When Yang Wu peered through the super-resolution microscope at nasal cells from patients with rare genetic mutations, he saw something startling: a tangled, overgrown mesh of F-actin strangling the base of once-graceful cilia—tiny hair-like structures that should rhythmically sweep mucus and pathogens from the airways. These cilia, in patients with mutations in the RPGR gene, were sparse, stunted, and barely moving. Wu, part of Professor Zhen Liu’s team at The Hong Kong University of Science and Technology (HKUST), was unraveling the mystery of why some people with RPGR mutations develop primary ciliary dyskinesia (PCD), a rare respiratory disease marked by chronic lung infections, bronchiectasis, and sinusitis. While RPGR’s role in retinal degeneration is well known, its impact on motile cilia has remained elusive—until now.
This discovery matters because PCD is often underdiagnosed and highly variable in presentation. Not everyone with RPGR mutations develops respiratory symptoms, leaving families and doctors in the dark about who is at risk. By studying nasal multiciliated cells from 32 patients across Canada and using CRISPR-engineered models, the HKUST team identified a precise mechanism: RPGR loss leads to abnormal accumulation of F-actin at the cell’s apical surface, disrupting the organization and beating of cilia. Using advanced imaging, they revealed that this dense actin mesh physically impedes cilia formation and coordination—like vines overtaking a windmill.
The breakthrough came when researchers treated the cells with agents that disrupt F-actin. Suddenly, cilia began to regrow, lengthen, and regain movement. This reversal suggests not only a diagnostic pathway—using F-actin patterns as a biomarker—but also a potential therapeutic strategy. The study, published in the Journal of Clinical Investigation, is the first to link RPGR directly to actin regulation in motile cilia, opening a new front in the fight against rare ciliopathies.
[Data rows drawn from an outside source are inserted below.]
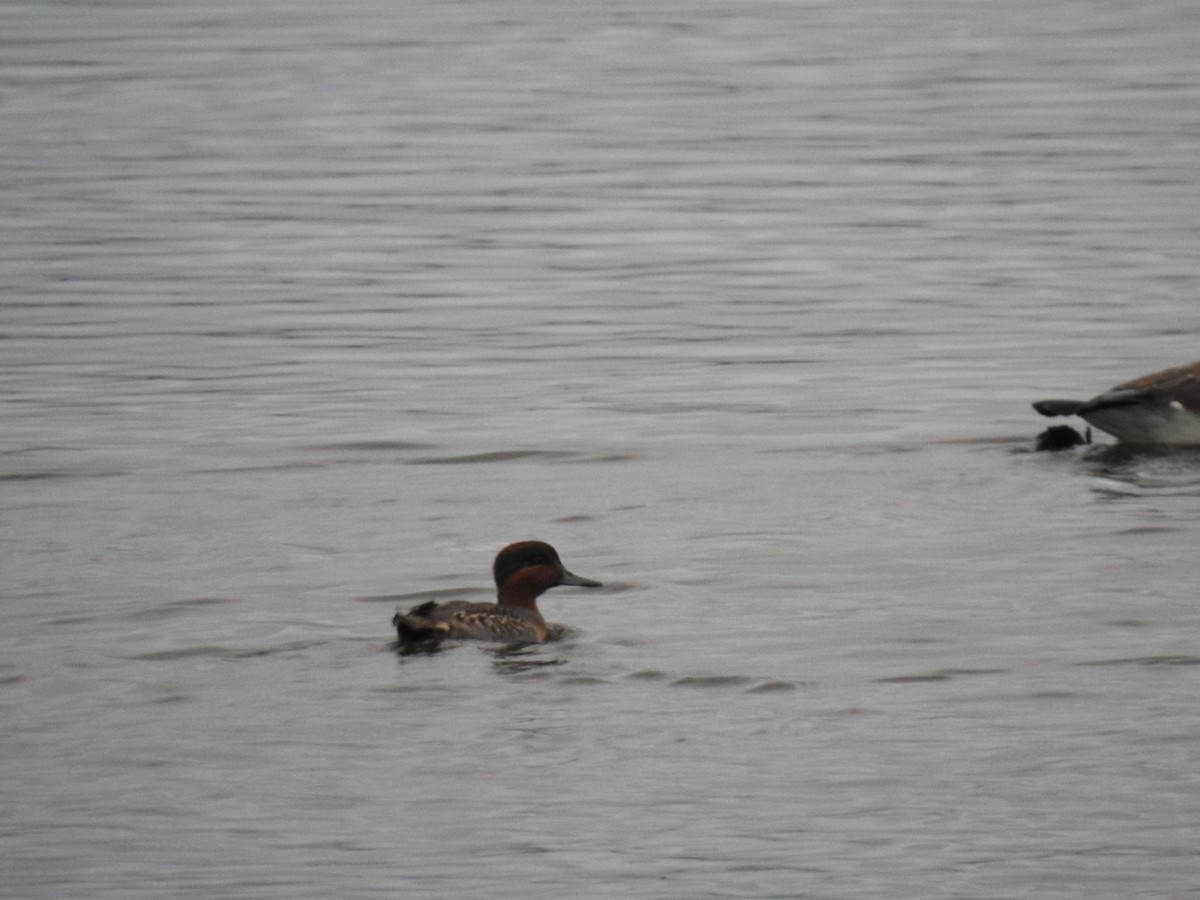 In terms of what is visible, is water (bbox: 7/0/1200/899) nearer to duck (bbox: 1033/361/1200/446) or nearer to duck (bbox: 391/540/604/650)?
duck (bbox: 391/540/604/650)

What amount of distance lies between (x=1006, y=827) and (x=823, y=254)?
16.2 m

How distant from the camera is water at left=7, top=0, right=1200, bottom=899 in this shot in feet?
30.7

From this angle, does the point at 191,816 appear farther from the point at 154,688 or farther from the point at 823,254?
the point at 823,254

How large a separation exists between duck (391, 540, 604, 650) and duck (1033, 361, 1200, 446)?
15.5 ft

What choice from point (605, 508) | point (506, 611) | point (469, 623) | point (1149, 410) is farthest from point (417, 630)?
point (1149, 410)

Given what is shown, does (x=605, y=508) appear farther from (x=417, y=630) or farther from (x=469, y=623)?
(x=417, y=630)

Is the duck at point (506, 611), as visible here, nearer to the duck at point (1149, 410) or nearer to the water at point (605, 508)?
the water at point (605, 508)

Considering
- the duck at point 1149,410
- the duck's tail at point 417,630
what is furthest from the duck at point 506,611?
the duck at point 1149,410

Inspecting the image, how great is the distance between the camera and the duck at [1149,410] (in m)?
16.0

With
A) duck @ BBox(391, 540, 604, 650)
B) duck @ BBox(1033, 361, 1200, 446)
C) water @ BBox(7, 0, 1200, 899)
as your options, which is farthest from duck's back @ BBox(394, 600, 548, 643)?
duck @ BBox(1033, 361, 1200, 446)

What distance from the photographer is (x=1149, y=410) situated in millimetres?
16062

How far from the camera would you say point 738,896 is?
341 inches

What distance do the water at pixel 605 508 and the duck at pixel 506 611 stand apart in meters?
0.15

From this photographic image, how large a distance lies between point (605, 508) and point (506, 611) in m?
3.20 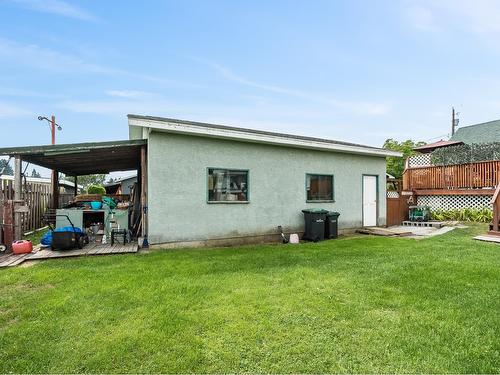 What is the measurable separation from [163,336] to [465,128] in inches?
1063

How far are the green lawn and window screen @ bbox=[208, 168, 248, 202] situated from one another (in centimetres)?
259

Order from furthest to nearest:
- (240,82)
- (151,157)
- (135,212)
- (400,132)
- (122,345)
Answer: (400,132) < (240,82) < (135,212) < (151,157) < (122,345)

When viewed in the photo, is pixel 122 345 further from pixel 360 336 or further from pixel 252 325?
pixel 360 336

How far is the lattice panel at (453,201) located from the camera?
12.7 m

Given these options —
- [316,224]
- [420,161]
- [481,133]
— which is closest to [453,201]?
[420,161]

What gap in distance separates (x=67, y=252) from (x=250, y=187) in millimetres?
4948

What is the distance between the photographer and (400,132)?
31.1 meters

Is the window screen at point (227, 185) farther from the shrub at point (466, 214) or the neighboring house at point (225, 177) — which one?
the shrub at point (466, 214)

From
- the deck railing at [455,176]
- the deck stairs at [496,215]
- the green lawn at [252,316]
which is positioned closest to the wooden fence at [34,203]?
the green lawn at [252,316]

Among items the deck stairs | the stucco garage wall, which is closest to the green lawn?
the stucco garage wall

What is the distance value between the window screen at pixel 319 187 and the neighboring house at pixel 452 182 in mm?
7136

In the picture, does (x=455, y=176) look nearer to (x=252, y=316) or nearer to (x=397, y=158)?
(x=397, y=158)

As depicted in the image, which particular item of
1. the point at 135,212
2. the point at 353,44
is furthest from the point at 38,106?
the point at 353,44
For patients who’ve endured years of misdiagnoses and recurring infections, this work offers tangible hope. The collaboration between HKUST and pediatric hospitals in Canada—Hospital for Sick Children and BC Children’s Hospital—ensures the findings are rooted in real clinical data. With no cure currently available for PCD, the possibility of targeted treatments that restore ciliary function is transformative. As research moves toward animal models and potential drug screening, the path forward is clearer: untangle the actin, and the cilia may start beating again.
In a world where rare diseases often slip through the cracks, this study proves that with the right tools—and a little molecular detective work—answers can emerge from the smallest structures in our cells.